Abstract
Experimentally verified transcription factor-binding sites represent an information-rich and highly applicable data type that aptly summarizes the results of time-consuming experiments and inference processes. Currently, there is no centralized repository for this type of data, which is routinely embedded in articles and extremely hard to mine. CollecTF provides the first standardized resource for submission and deposition of these data into the NCBI RefSeq database, maximizing its accessibility and prompting the community to adopt direct submission policies.
TEXT
In order to tackle the complexity of living systems, research in biology has become increasingly reliant on the sharing, availability, and reuse of experimental data. The usefulness of experimental data depends on its specific nature and quality, underlying documentation and standards, availability, and range of applicability. The results of DNA sequencing assays were recognized early in the history of bioinformatics as a precise and broadly usable type of data, leading to the creation of open repositories, the definition of worldwide standards for the submission of DNA sequence data, and eventually, the mandatory requirement for its submission to open repositories when publishing results based on its analysis (1–3). The policy of direct submission by authors has since been adopted for the results of many other experimental protocols. Due to the sheer volume of data generated, policies, standards, and dedicated repositories for direct submission have been created primarily for high-throughput assays such as DNA arrays, high-throughput RNA sequencing (RNA-seq), chromatin immunoprecipitation-DNA sequencing (ChIP-seq), X-ray crystallography, or metagenomic sequencing (4–8). In contrast, data compilation for many other types of experimental results often relies on the manual or automated curation of published literature and lacks central repositories and standards, limiting the availability, visibility, and applicability of a large volume of experimental research in biology.
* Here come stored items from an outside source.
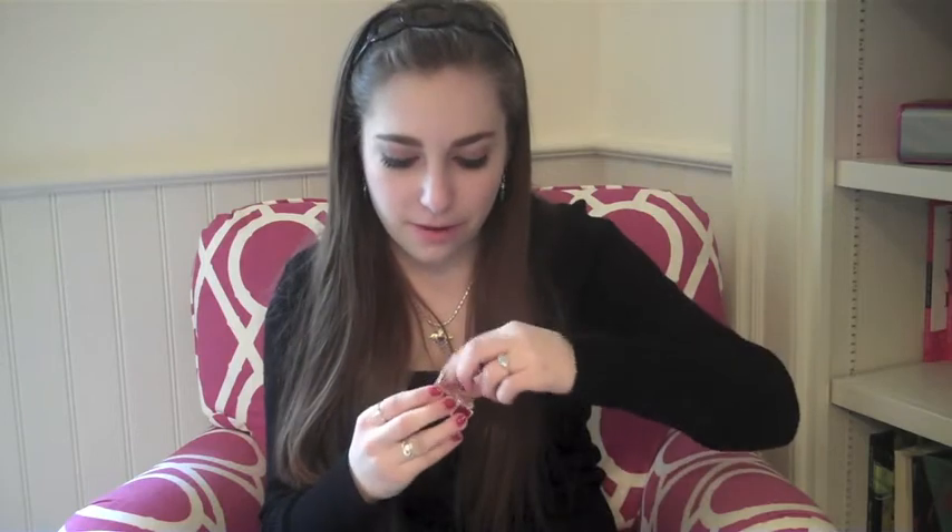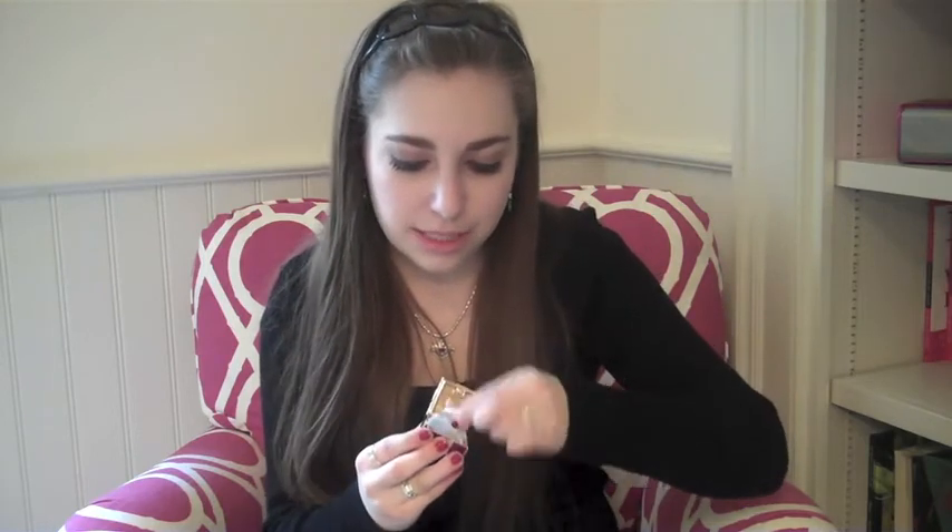Next I wanted to show the jewelry I got. First, I got this TARDIS necklace — my mom is pretty legit. Doctor Who fans, what?! And then I got these little gold diamond studs that my grandmother got me, which are adorable and are actually going to look really good with the studs I have in now — they go really well together.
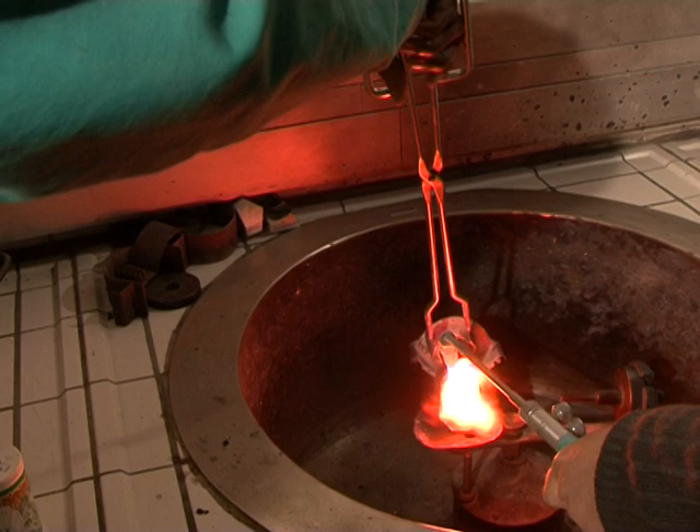Learners must possess an interest in scientific processes and be capable of working under instruction.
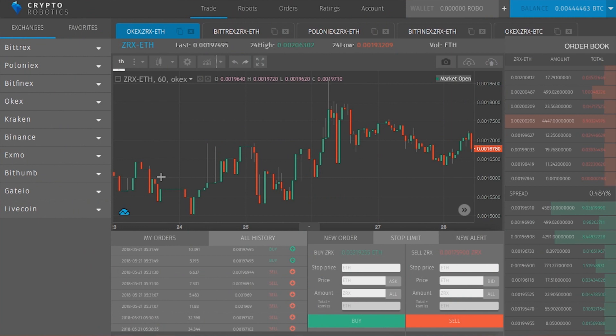Hey, what's up. Vadim from Crypto Robotics here. Today I want to show something special for all our crypto traders around the world: our crypto robotic trading platform, which allows you to connect to 11 major cryptocurrency exchanges, save a lot of time on trading, automate your trading, and make more money out of it eventually.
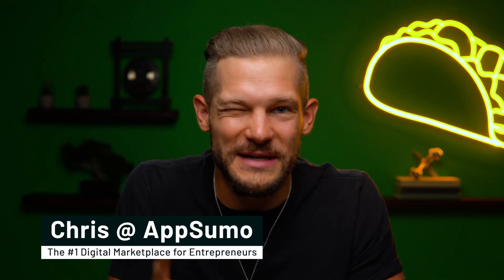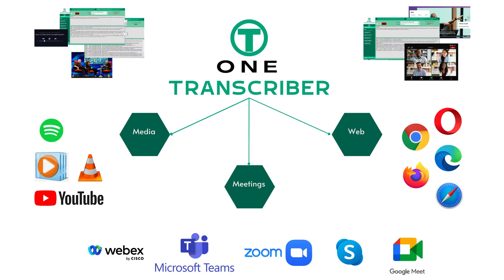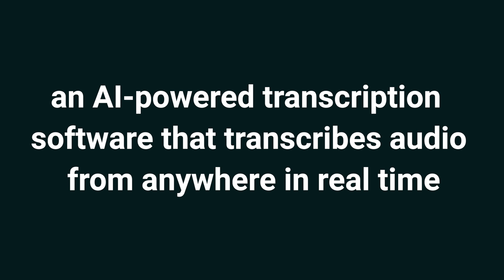You need One Transcriber. What's up, Sumo-lings? It's Chris here with AppSumo, the number one marketplace for remote teams. Today we're looking at One Transcriber, an AI-powered transcription software that transcribes audio from anywhere in real time.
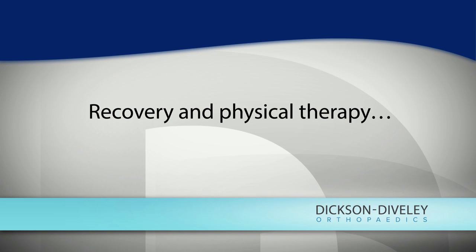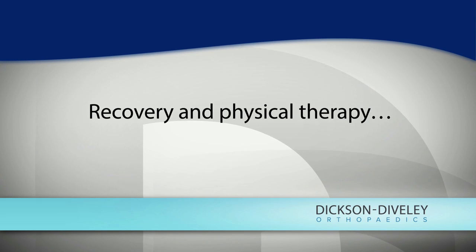Recovery following a laminectomy alone is fairly rapid — one to two days in the hospital, and then physical therapy starting at four to six weeks, with activity as tolerated at that point.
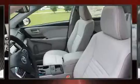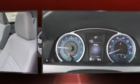Toyota prioritized fit and finish as evidenced by front and rear reading lights, a power seat, and a blind spot monitoring system.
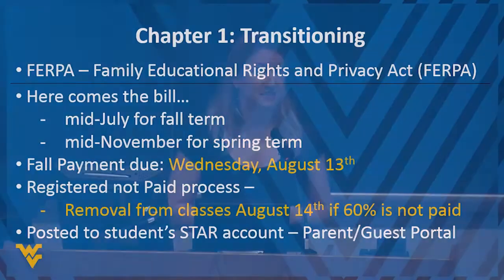As we wrap up the transitioning piece, many parents are involved in the bill-pay process. One father put it well: I invest in the stock market and expect a quarterly report; I invest in my son's education and expect to see grades. The billing process at WVU falls under FERPA, so all communications go to the student. However, your student can grant you access through the parent guest portal. The bill comes out July 13th for the upcoming fall semester; spring billing is mid-November.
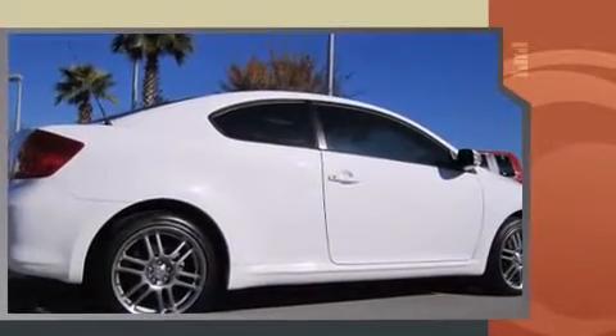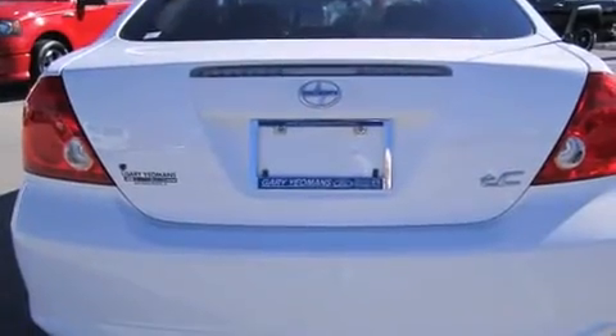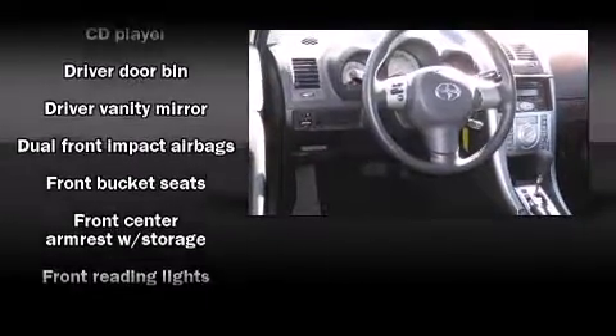Top features include remote keyless entry, front and rear cup holders, a tachometer, adjustable headrests in all seating positions, power moonroof, turn signal indicator mirrors, and one-touch window functionality.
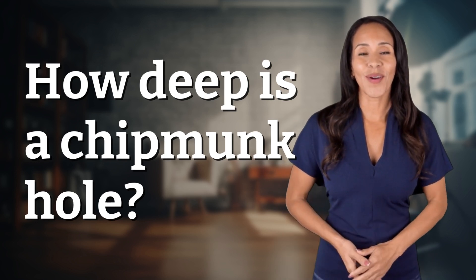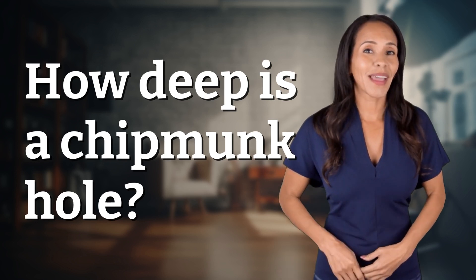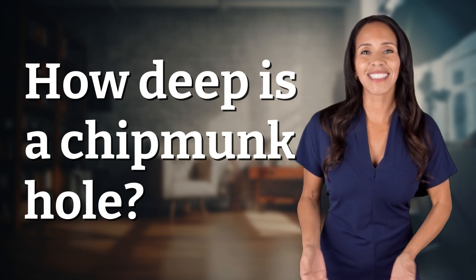Explorers of the Unknown, welcome back. Let's expand our horizons with today's question.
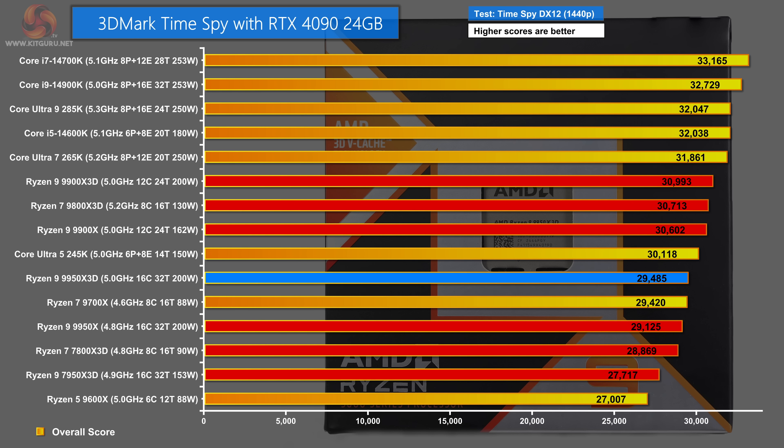3DMark Time Spy is a strange test here — the RTX 4090 essentially overpowers this synthetic benchmark, so the processors are all mixed up. Intel Raptor Lake sits at the top, with various AMD models in the middle, and the Ryzen 9 9950X 3D towards the bottom of the chart.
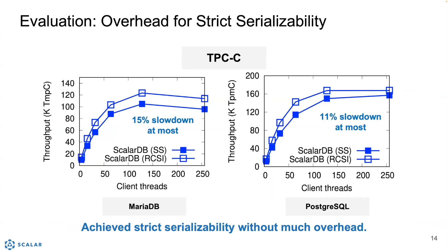We also verified the overhead of strict serializability in ScalarDB. We used TPC-C for this evaluation with two databases, MariaDB and PostgreSQL. RCSI is the default isolation level — it's a little weaker than SI — and SS is strict serializability. As you can see, ScalarDB achieved strict serializability without much overhead: at most 15% slowdown in MariaDB and at most 11% slowdown in PostgreSQL.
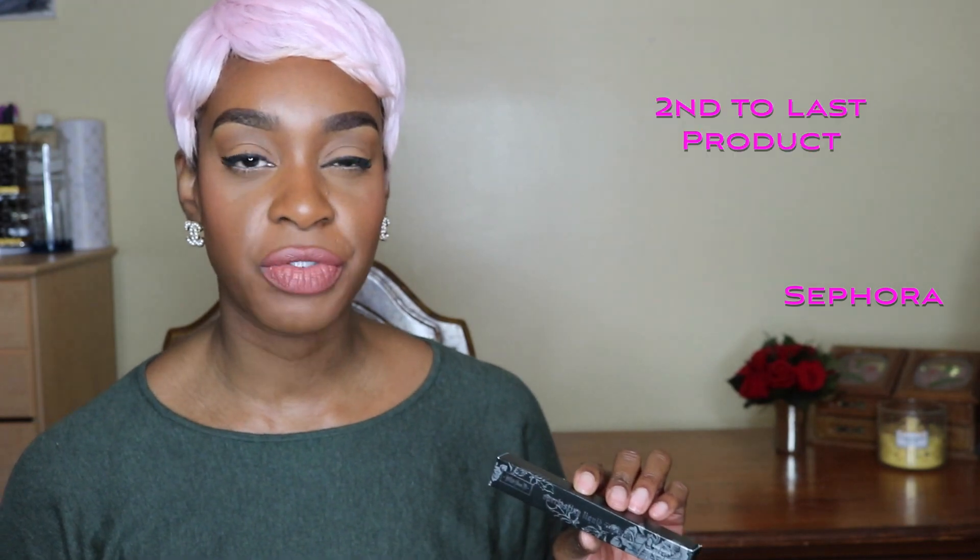The last thing from Sephora that I purchased was the Everlasting Liquid Lipstick, and I got it in the color Noble. Really pretty — I would probably use a lip liner with this.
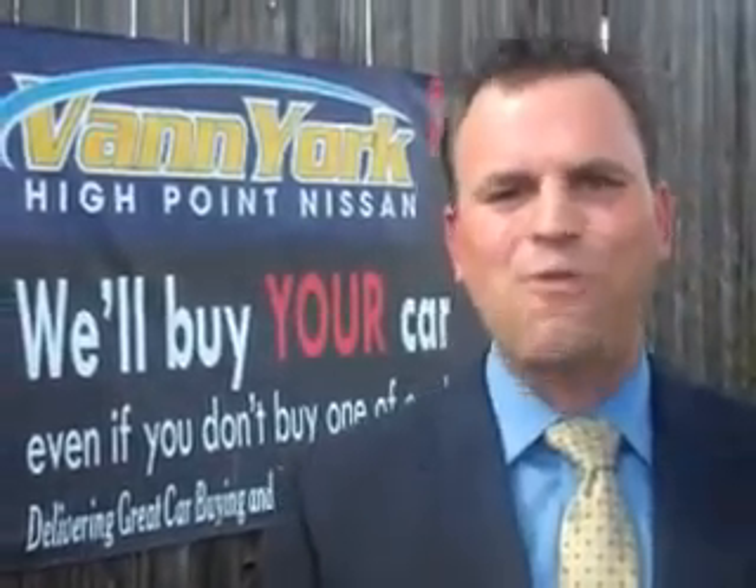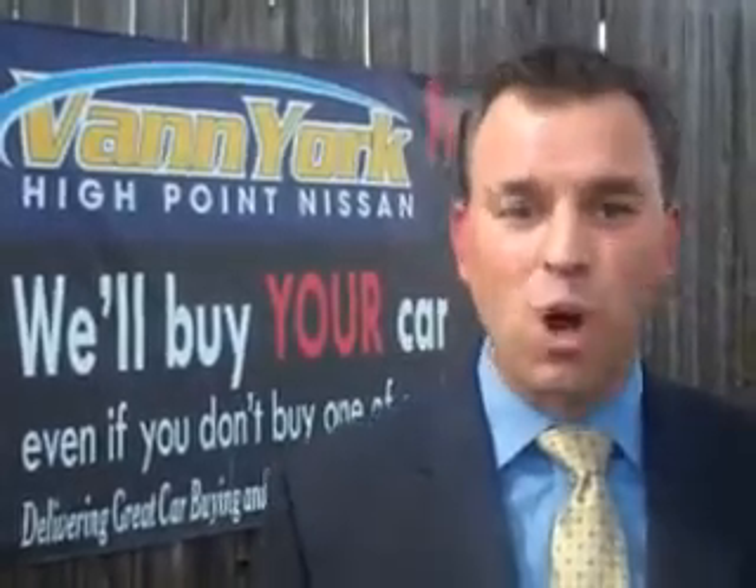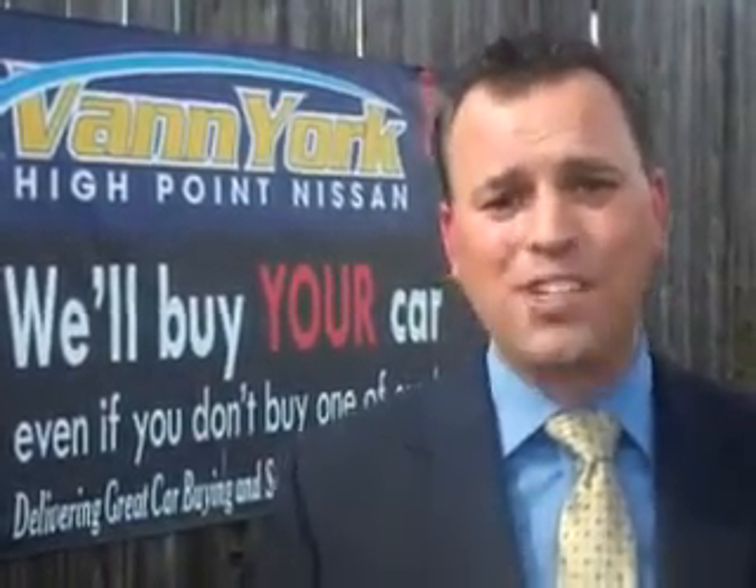Hi, this is Trey Powell, General Manager at Vanyork's High Point Nissan. Every used car we sell comes with a warranty, roadside assistance, and a Carfax guarantee.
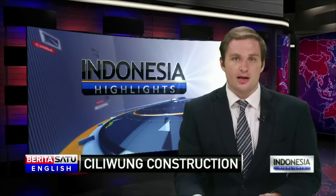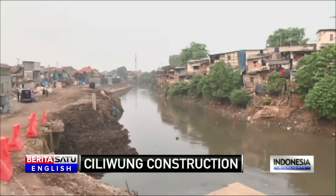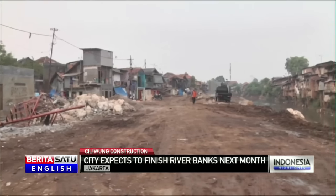The Jakarta administration is speeding up work along the Ciliwung River Bank ahead of the rainy season. The city expects to finish construction from Kampung Pulo to Kampung Melayu by December. The sheet pile, which is about 80% complete, is built to stop riverbanks sliding into the Ciliwung when the rain starts.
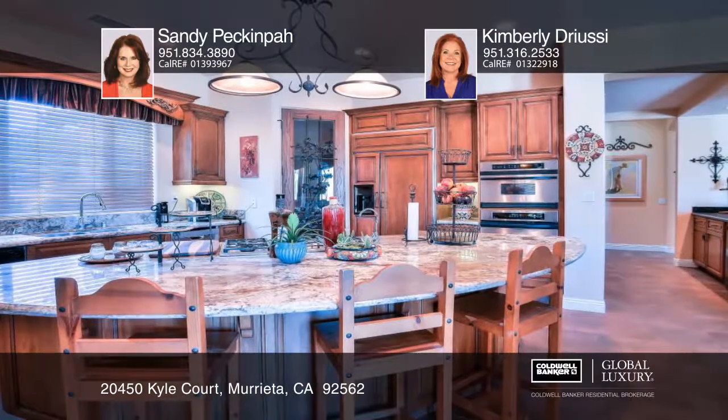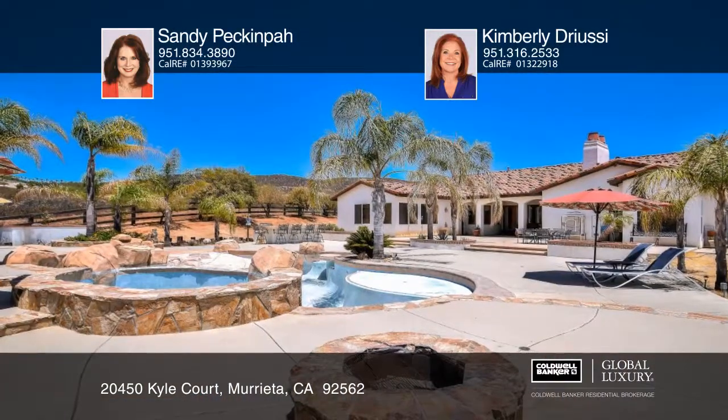Enjoy the saltwater pool as well as a patio and four garages. This five-acre property has plenty of room for horses.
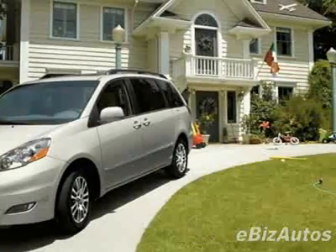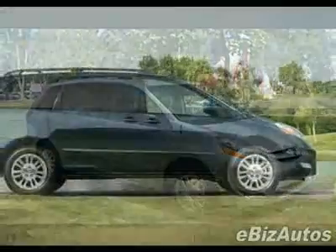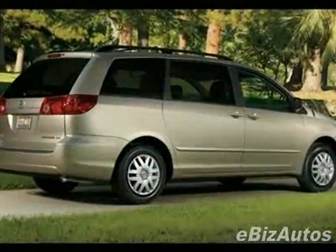This vehicle gets 17 miles per gallon in the city and 23 on the highway. This Sienna boasts a 3.5 liter V6 engine and has a 5-speed automatic transmission.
The identification of transcription factor (TF)-binding sites in the Bacteria domain provides an illustrative example of the drawbacks originating from the lack of standards, submission policies, and central repositories that still applies to many experimental protocols. An experimentally validated TF-binding site is a high-quality, information-dense annotation element that subsumes several lines of experimental evidence and prior knowledge to define with base pair resolution the location, span, and sequence of a region bound by a transcription factor on a bacterial DNA molecule. Identifying and validating the precise binding locations of a transcription factor and the regulatory effects of such binding is a time-consuming process that typically combines several experimental steps (e.g., DNase footprinting, electromobility shift assays, beta-galactosidase reporter assays, and ChIP-PCR) with inference based on prior knowledge (e.g., protein structure, binding motif, or promoter architecture). Due to their high specificity and precision and their mapping to a high-quality reference (genome sequence), bacterial TF-binding site annotations can be effectively reused in multiple settings. Known TF-binding sites on a given genome can for instance complement and provide a reference for other data sources (e.g., transcriptomic data) in inferring regulatory networks, and collections of aligned binding sites for a given transcription factor can be used to perform prospective searches for additional genomic targets or leveraged in comparative genomics analyses of regulatory networks (9–15).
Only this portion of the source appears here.